Background:
This is a followup to this question:
Lagrange multipliers with non-smooth constraints
Lagrange multipliers can be used for constrained optimization problems of the form
$\min_{\vec x} f(\vec x)$
s.t. $g(\vec x) = 0$.
Briefly, the method works by constructing the Lagrangian, $L(\vec x, \lambda) = f(\vec x) + \lambda g(\vec x)$, then finding points where $\forall i, \frac{\partial L}{\partial x_i} L = 0$ and $\frac{\partial L}{\partial \lambda} L = 0$.
As was kindly pointed out in this answer, the method fails when $g$ is non-differentiable (but continuous), because the partial derivatives may not exist at points of optimality. For example, in the problem, minimize $x_1$ subject to $g(x_1,x_2) = x_1 – |x_2| = 0$. The minimum is at $(0,0)$, where $\frac{\partial g}{\partial x_2}$ does not exist.
Question:
It seems that there should be a natural generalization of the method that uses subgradients and the subdifferential. Does the following work? Is there a reference that describes this in more detail?
Proposal: construct the Lagrangian as usual, but instead of seeking a point where all partial derivatives are 0, seek a point where 0 is in each partial subdifferential. So in the example above, the subdifferential with respect to $x_2$ when $x_2=0$ is the interval $[-\lambda, \lambda]$. Thus, if we were given the solution $x_1=0,x_2=0,\lambda=-1$, we could verify it is a critical point by noting that $\frac{\partial L}{\partial \lambda} = x_1 – |x_2| = 0$, $\frac{\partial L}{\partial x_1} = 1 + \lambda = 0$, and 0 is in the subdifferential of $L$ w.r.t. $x_2$.

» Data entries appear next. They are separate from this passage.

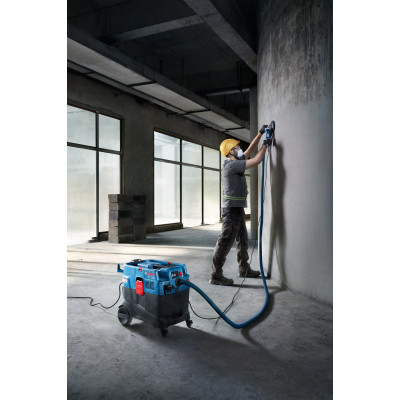 Строительный пылесос BOSCH GAS 400 A Professional 06019M0020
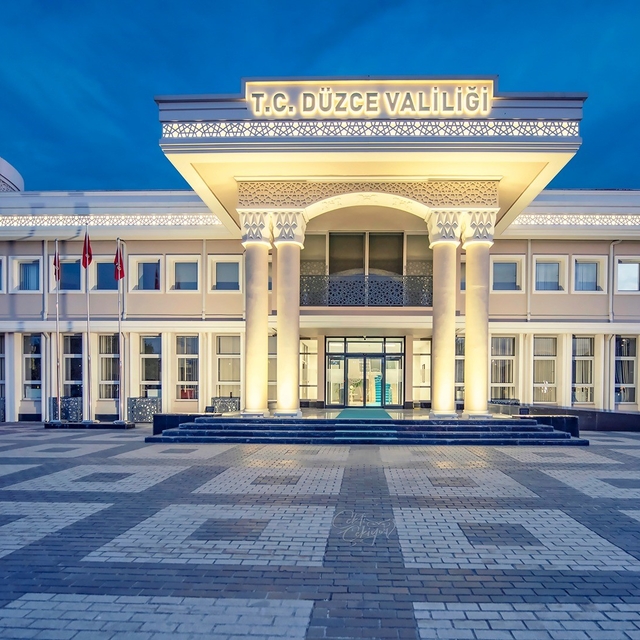 Düzce Valiliğinden kuvvetli yağış uyarısı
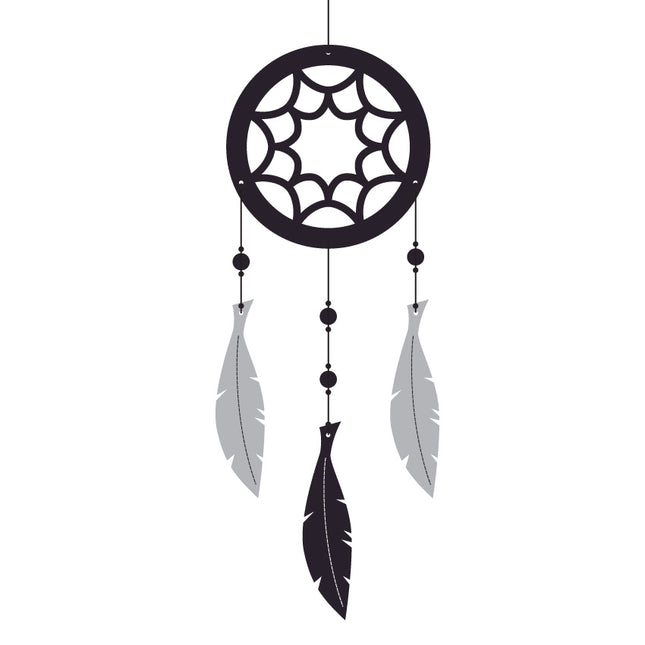 Roommate Dreamcatcher Black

Is this argument correct? My intuitive justification is that for any value $f'(x)$ in some variable's subdifferential at $x$, we should be able to construct a smooth function that has $f'(x)$ as its partial derivative at $x$, then solve the smoothed problem with a standard application of Lagrange multipliers.
(Aside: my goal is actually not to find a method to optimize the function. I have a method for optimizing such functions, and I'm trying to develop some theoretical understanding of the solutions that it produces. In particular, I'm trying to understand if proving that a solution satisfies the condition described in the Proposal section is meaningful.)
Best Answer
I think the difficulty with the subdifferential approach you describe lies in finding critical points. For instance, with your example, solving the equations you get by setting partials to $0$ yields only $x_1 = | x_2 |$ and $\lambda = -1$. This set of equations is too undetermined to yield a solution. As you point out, if you were given a solution $x_1 = x_2 = 0$, $\lambda = -1$, you could verify that it is a critical point with the subdifferential approach, but that's quite different from deriving $x_1 = x_2 = 0$, $\lambda = -1$ as a critical point.
Remember, though, that the definition of a critical point of a function includes points at which the derivative fails to exist. So when you're constructing your set of critical points using Lagrange multipliers, look not only for points at which the partials are zero but also for points at which a partial does not exist. For instance, it's clear in your example that the only point at which $\frac{\partial L}{\partial x_2}$ fails to exist is $x_2 = 0$. (You also get $\lambda = 0$ from $\frac{\partial L}{\partial x_2}= 0$, but this is inconsistent with the $\lambda = -1$ from $\frac{\partial L}{\partial x_1}= 0$.) Including that with your equations from $\frac{\partial L}{\partial x_1} = 0$ and $\frac{\partial L}{\partial \lambda} = 0$ quickly gets you the solution $x_1 = x_2 = 0$, $\lambda = -1$.
In fact, finding points where a partial does not exist is generally not any harder (and is sometimes easier) than finding points where a partial is zero. There aren't many ways for a point in the domain of a continuous function to have a partial that fails to exist. (Besides the absolute value situation, you could have division by zero with the partial from an expression like $x^p$, with $0 < p < 1$, in the function. Perhaps there are some others I'm forgetting - maybe others reading this can supply them. There are also some pathological cases, like the continuous but nowhere differentiable Weierstrass function, but those don't generally show up in practice.)
And, of course, if you have more than just a few variables, you don't want to use Lagrange multipliers anyway: Solving a large number of nonlinear equations is just too difficult. In that case, you will probably want an iterative nonlinear optimization method.